Glad you could make it. I thought we'd almost have to leave without you!
The tickets are booked for a 2:52pm departure on May the 12th. I have spent the last few hours working in preparation for this deadline: photocopying my passport, showing off my bedroom to a potential sub-letter, trying to get my antiquated printer to connect to any computer in the house for a single sheet of an airline receipt. With this done, I can relax. Europe unrolls like the sea monster's spots on ancient maps. I have heard accounts of wonder and of danger, too. In the end, this will be nothing more than one account among many. Another sentimental journey through France and Italy (to borrow the title from a book by Laurence Sterne, which I haven't read). Maybe all such accounts are flawed, unable to grasp what is truly sublime, those things that make a European experience valuable in the first place. Otto Von Bismarck said, "Whoever speaks of Europe is wrong: it is a geographical expression". But at the least, this page will be a little porthole where you, the ones left behind on this continent, can peer across the divide into that antipode on the other side where our travels will begin.
Our flight should land in Paris by midmorning on the 13th. Our days are not planned in detail, we will string them together around the sights we want to see. The Louvre, the Tower, the Catacombs. For this night, and a few to follow, we have secured a spot to sleep with some generous family on the outskirts of town. The rest of the journey will not have such accommodations. We will wind south through France, stopping at castles, green valleys, and perhaps the old residence of the antipopes in Avignon.

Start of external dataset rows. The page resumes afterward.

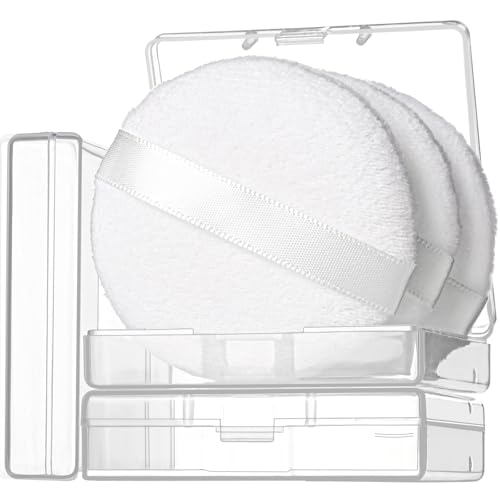 Teenitor 3pcs Setting Powder Puff 2.36 Inch, Soft Applicator for Loose and Pressed Powder, Face Makeup Puff With Cases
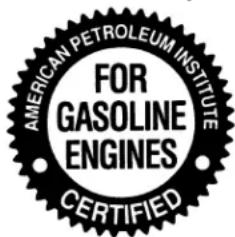 AMERICAN PETROLEUM INSTITUTE FOR GASOLINE ENGINES CERTIFIED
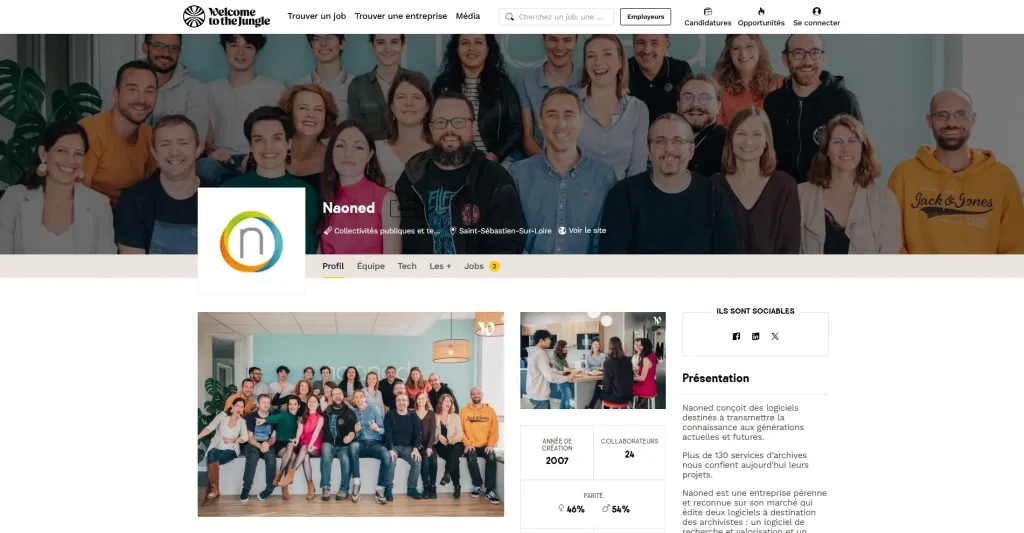 Capture écran de la vitrine de Naoned sur Welcome to the Jungle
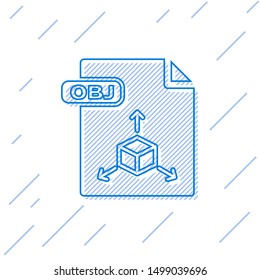 Blue line OBJ file document. Download obj button icon isolated on white background. OBJ file symbol.  Vector Illustration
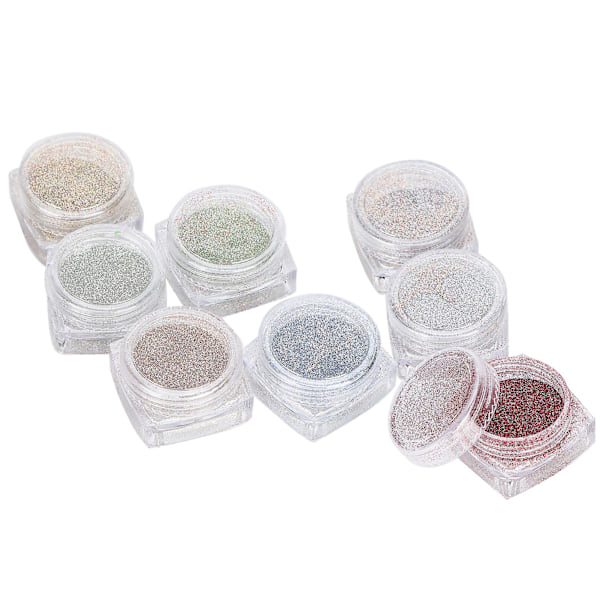 Glitter Plastformar för DIY Dekorationer, Färgglada Glittrande Material - 8 Ask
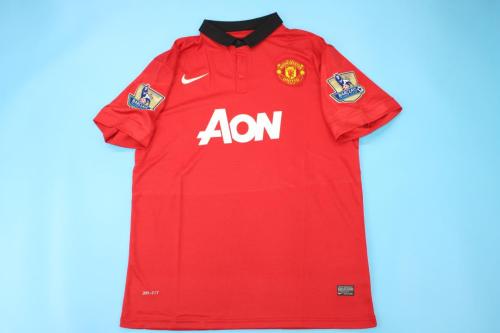 with Golden EPL Patch Retro Jersey 2013-2014 Manchester United Home Soccer Jersey Vintage Football Shirt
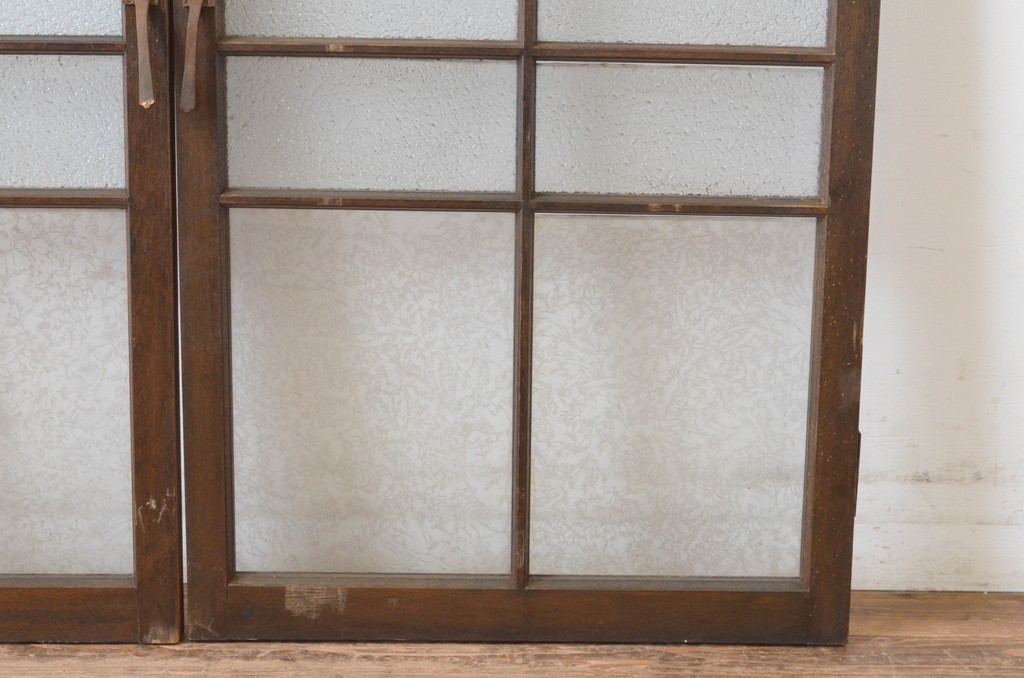 アンティーク建具　大正ロマン　古い洋館の両開き窓1対(2枚セット、一対、ガラス戸、引き戸)(R-065349)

From here, we cross the northern part of Italy, ferry down into Greece, then make our way around the Mediterranean into Spain. This all should take the course of two months. The final leg of the tour is a flight from Madrid into Dublin, Ireland, where we will spend another two weeks exploring some distinct countryside there. The attached photograph of a globe - marked in red - traces some possible paths our journey might take.
I do not promise to post on a regular basis. It will depend on time, and internet access, and surely the current phase of the moon. Hopefully, when posts do come, they will be informative. Hopefully they will be accompanied with pretty pictures. Hopefully, they will give you a chance to learn a bit about the human spirit, that uneasy desire in all of us, to see something new.